J’ai plusieurs Stella Gibbons en attente chez moi et je m’en réjouis après cette première lecture. Si Westwood n’est pas tout à fait un coup de coeur, c’est un roman tout en nuances qui ravira les amateurs de littérature anglaise et notamment, de classiques « Vintage ».
Jeune enseignante, Margaret vient de s’installer à Londres pendant la guerre avec ses parents, qui lui donnent l’image d’un mariage peu épanouissant. Dotée d’un physique quelconque, la jeune femme est très, voire trop sérieuse, malgré une grande sensibilité pour l’Art sous ses différentes formes. A l’inverse, son amie d’enfance Hilda récemment devenue sa voisine est très jolie, assez frivole, ne s’intéresse qu’aux films faciles et semble supporter la guerre avec une légèreté qui fait défaut à Margaret.

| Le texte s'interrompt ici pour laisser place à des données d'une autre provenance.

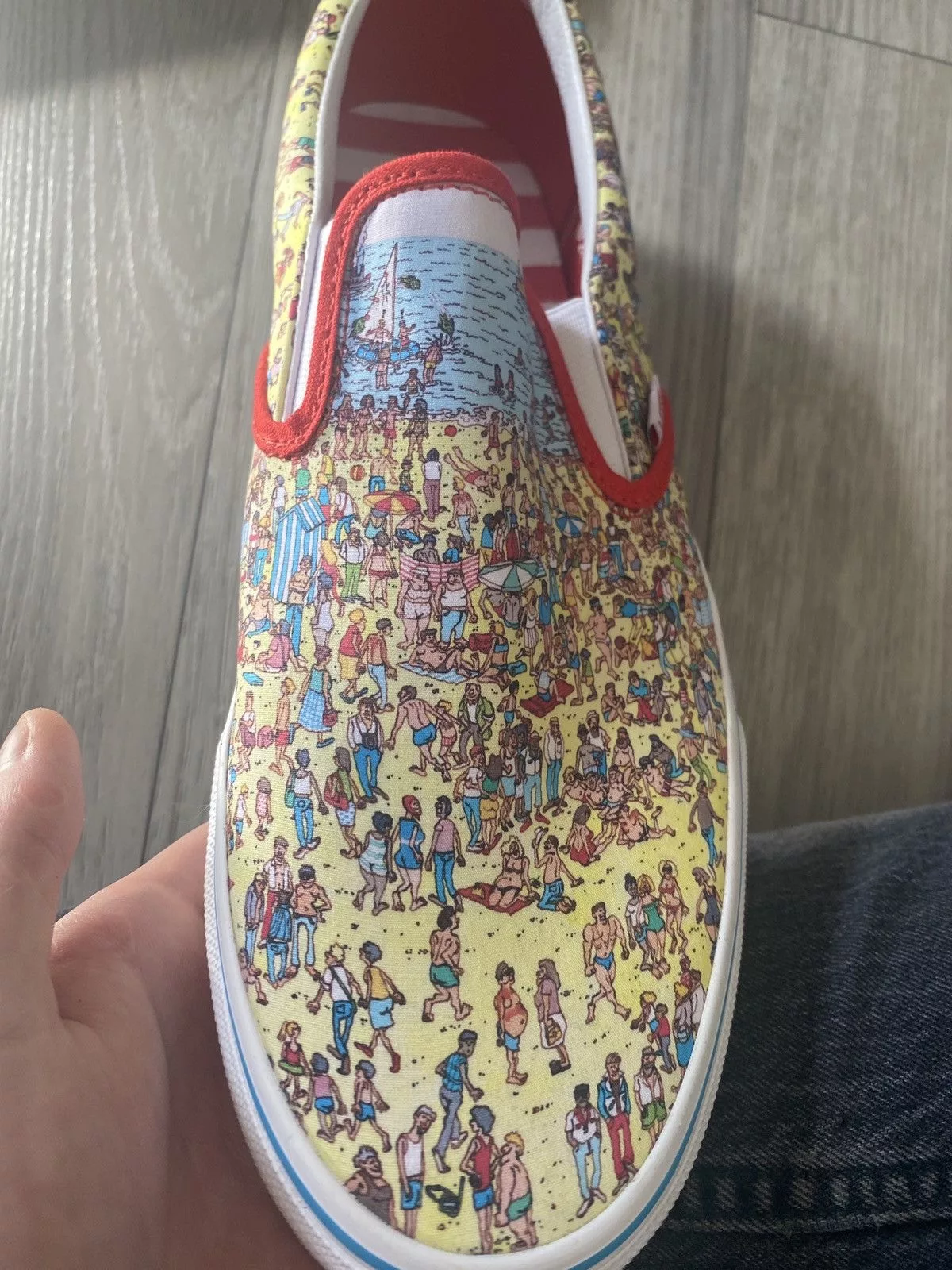 Vans Slip Ons Vans (Where’s Waldo) beach colour way Multi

Par hasard, Margaret fait la rencontre du peintre Alexander Niland et de son beau-père dramaturge Gerard Challis, qui s’avère être un proche voisin vivant à Westwood, une superbe maison. Grâce à Zita, réfugiée juive travaillant chez les Challis, Margaret va obtenir son droit d’entrée à Westwood et côtoyer ainsi cette famille qui la fascine, en particulier le dramaturge qu’elle juge tout à fait admirable. Peu lui importe de devoir supporter les railleries de sa fille superficielle ou d’être régulièrement sollicitée pour s’occuper des petits-enfants que les femmes de la maison semblent incapables de gérer seules (sans penser même aux hommes, artistes au-delà de toutes ces considérations bassement matérielles – à une époque où, de toute façon, l’homme ne joue pas ce rôle dans le foyer). Bien qu’on ne puisse se retenir de grincer des dents face aux mauvaises manières et à l’arrogance des Challis et des Niland, qui profitent allègrement de Margaret, difficile de ne pas être sous le charme de cette maisonnée. Nous suivons ainsi Margaret pendant plusieurs mois, entre son travail qu’elle prend moins au sérieux au fil du temps, ses visites à Westwood, ses sorties au concert et l’intimité qu’elle noue avec un ami de son père… autant de changements dans son quotidien qui la feront évoluer.
En parallèle, et bien que sûr de son pouvoir de séduction, le cinquantenaire Gerard Challis fait une cour laborieuse à Hilda, rencontrée dans le métro. Le charme et la beauté de la jeune femme l’empêchent d’admettre ses lacunes intellectuelles et son indifférence royale à tous ses discours pompeux. Bien évidemment, Hilda et Margaret sont loin de se douter du fait que toutes deux côtoient le même homme dans des circonstances bien différentes.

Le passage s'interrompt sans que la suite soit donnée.